- _Dataset content_:
+--
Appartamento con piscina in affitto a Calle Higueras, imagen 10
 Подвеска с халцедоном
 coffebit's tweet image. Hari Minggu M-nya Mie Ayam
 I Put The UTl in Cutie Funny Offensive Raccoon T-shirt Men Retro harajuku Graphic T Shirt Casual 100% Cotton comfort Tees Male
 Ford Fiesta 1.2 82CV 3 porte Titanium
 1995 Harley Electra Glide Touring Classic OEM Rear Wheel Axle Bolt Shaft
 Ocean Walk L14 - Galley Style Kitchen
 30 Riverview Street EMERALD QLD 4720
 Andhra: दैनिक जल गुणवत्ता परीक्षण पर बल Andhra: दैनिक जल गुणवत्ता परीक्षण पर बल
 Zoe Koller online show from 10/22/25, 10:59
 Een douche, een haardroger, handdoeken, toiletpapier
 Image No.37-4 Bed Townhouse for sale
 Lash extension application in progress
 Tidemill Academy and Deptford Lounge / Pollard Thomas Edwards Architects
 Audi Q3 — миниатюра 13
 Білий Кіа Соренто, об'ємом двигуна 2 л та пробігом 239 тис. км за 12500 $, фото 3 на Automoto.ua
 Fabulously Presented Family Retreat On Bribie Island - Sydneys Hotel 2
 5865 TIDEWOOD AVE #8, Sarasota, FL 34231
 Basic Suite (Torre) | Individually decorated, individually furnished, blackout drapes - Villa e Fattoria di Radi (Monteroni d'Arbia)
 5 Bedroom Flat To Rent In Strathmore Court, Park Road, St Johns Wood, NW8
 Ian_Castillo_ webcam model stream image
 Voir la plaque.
+--
- _Task item_: Reproduce the entries exactly, but only from their first line to the line holding "30 Riverview Street EMERALD QLD 4720", with that last line kept.

- _Task answer_:
Appartamento con piscina in affitto a Calle Higueras, imagen 10
 Подвеска с халцедоном
 coffebit's tweet image. Hari Minggu M-nya Mie Ayam
 I Put The UTl in Cutie Funny Offensive Raccoon T-shirt Men Retro harajuku Graphic T Shirt Casual 100% Cotton comfort Tees Male
 Ford Fiesta 1.2 82CV 3 porte Titanium
 1995 Harley Electra Glide Touring Classic OEM Rear Wheel Axle Bolt Shaft
 Ocean Walk L14 - Galley Style Kitchen
 30 Riverview Street EMERALD QLD 4720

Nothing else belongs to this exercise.